Дирижерская манера его стала сдержаннее. Он мог теперь дирижировать едва заметным поворотом головы или взглядом, приближаясь к своему идеалу — Р. Штраусу и к его десяти профессиональным заповедям. Ко всем, кроме одной: оставаться после репетиции или выступления в сухой рубашке он так и не научился. Шолти стал сдержаннее, но не спокойнее. Ему по-прежнему хотелось открывать музыкальные земли. В традиционный месяц отпуска на тосканской вилле его близкие то и дело слышали: «Как прекрасно!», — это Шолти впервые изучал грандиозную партитуру «Страстей по Иоанну» И.С. Баха.

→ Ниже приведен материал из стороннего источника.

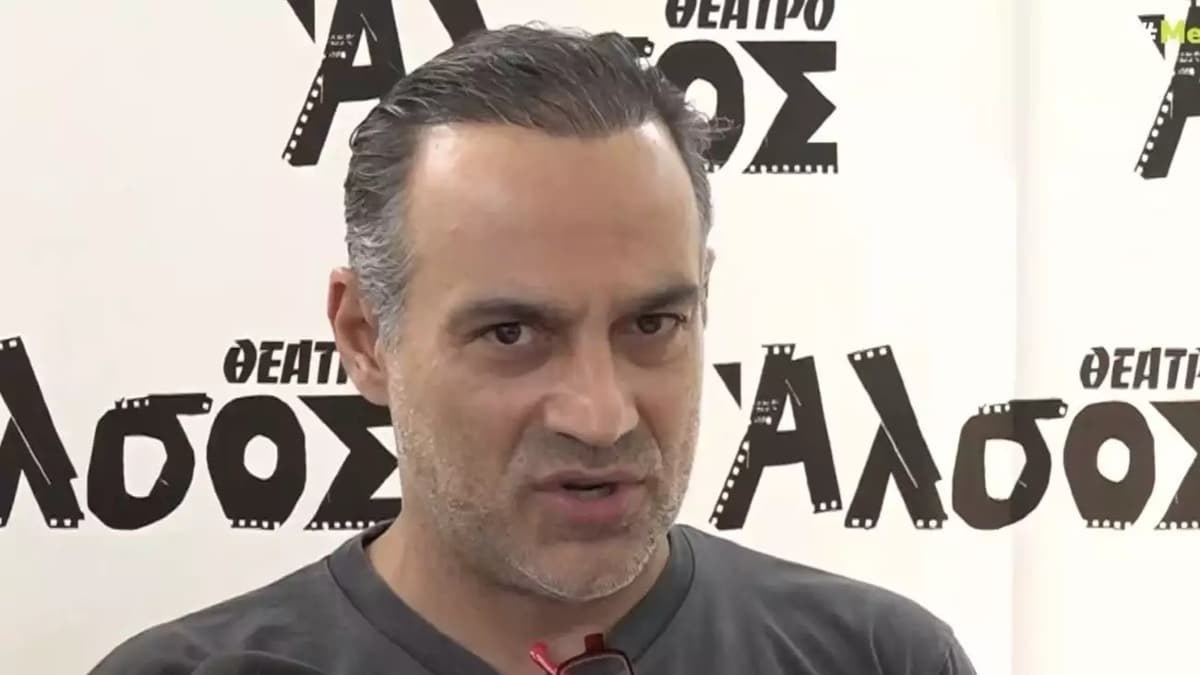 «Το έχουμε συμφωνήσει και το τηρούμε…» – Κόλαφος για την επιμέλεια των παιδιών με την Κατερίνα Καραβάτου ο Κρατερός Κατσούλης
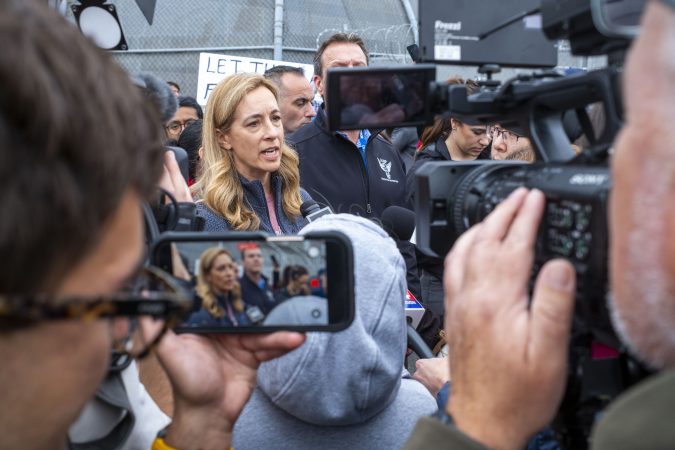 Delaney Hall brought Mikie Sherrill’s ‘first real test.’ South Jersey progressives who campaigned for her say she failed.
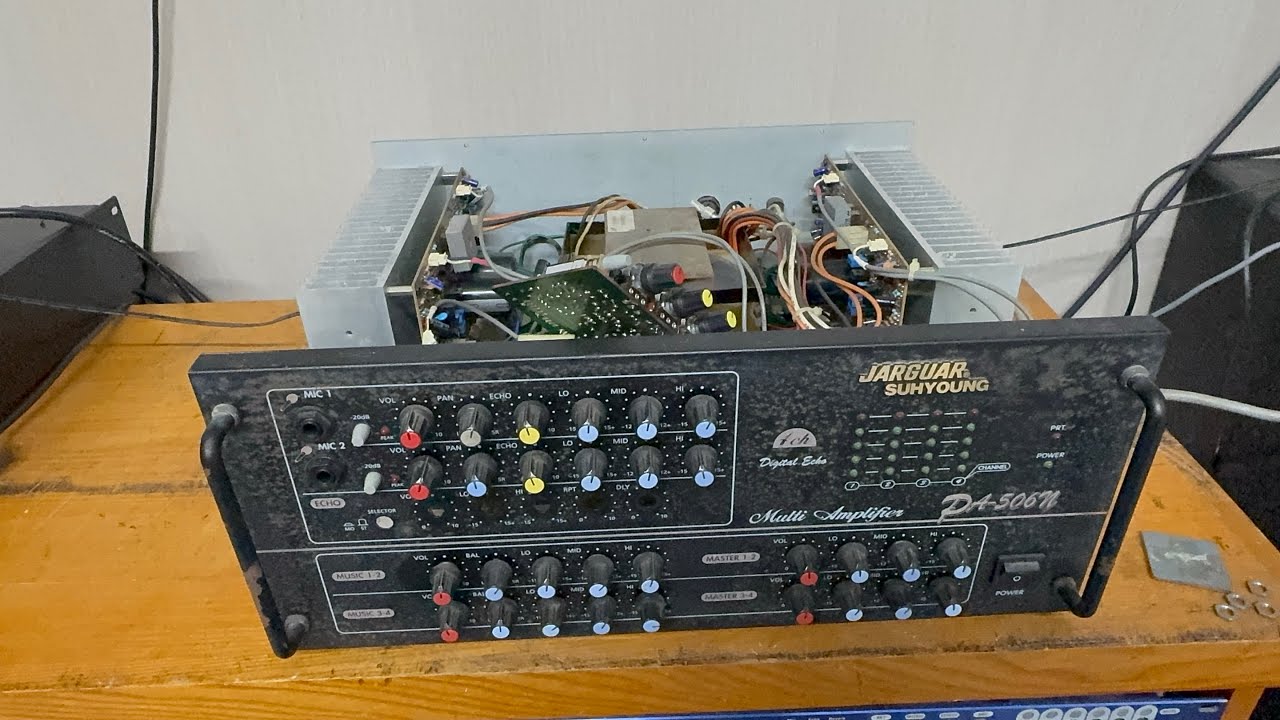 Năm mới nhắc chuyện đã qua. Thanh lý Amli 506(N) 2001 bãi Hàn Quốc Sịn giá 6tr bao ship toàn quốc.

Он сегда был первооткрывателем. Барток, Хиндемит, Стравинский, Айвз, Бриттен, Хенце, Мартину, Типпет, Пануфник, Лютославский — совсем не полный список значительных композиторов ХХ века, чьим произведениям он подарил региональные или мировые премьеры.

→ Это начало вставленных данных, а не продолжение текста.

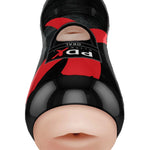 Pipedream - PDX Elite - Vibrating Oral Stroker - Light/Black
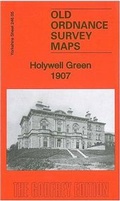 Cover: Holywell Green 1907 - Alan Godfrey Maps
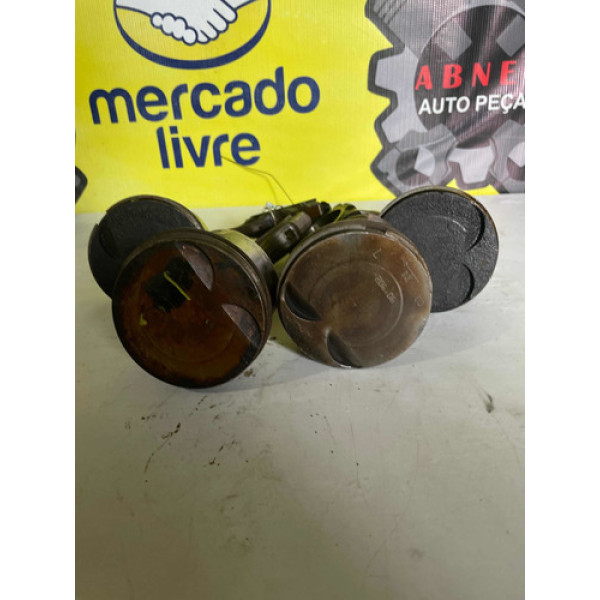 Jogo Pistão Com Biela Peugeout 307 2.0 Ano 2007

Он стремился только вперед — настоящий «perpetuum mobile». Между тем прямая его жизни незаметно превратилась в круг.

В 1997 г. вместе с киногруппой, снимавшей документальный фильм о нем, Шолти отправился по маршруту своей жизни. Посетил могилы предков на старом, чудом уцелевшем во время войны, еврейском кладбище. Осуществил последние, глубоко символичные записи. Концертной (с тем же, что и 50 лет назад, оркестром Тонхалле) он пропел свою лебединую песнь созерцательным исполнением Пятой симфонии Малера. Студийной записью (с Будапештским фестивальным оркестром) вспомнил учителей. Оказалось, что его избитый жизненными дорогами посох, почти как в «Тангейзере», зацвел оливковыми ростками мира. И вскоре Шолти обрел покой и землю, на которой родился. Навсегда.

P. S. Сэр Джордж Шолти скоропостижно скончался в результате острого сердечного приступа 5 сентября 1997 г. и был похоронен на будапештском кладбище Фаркашрети. На его могиле, находящейся напротив могилы Б. Бартока, написано: «Вернулся домой».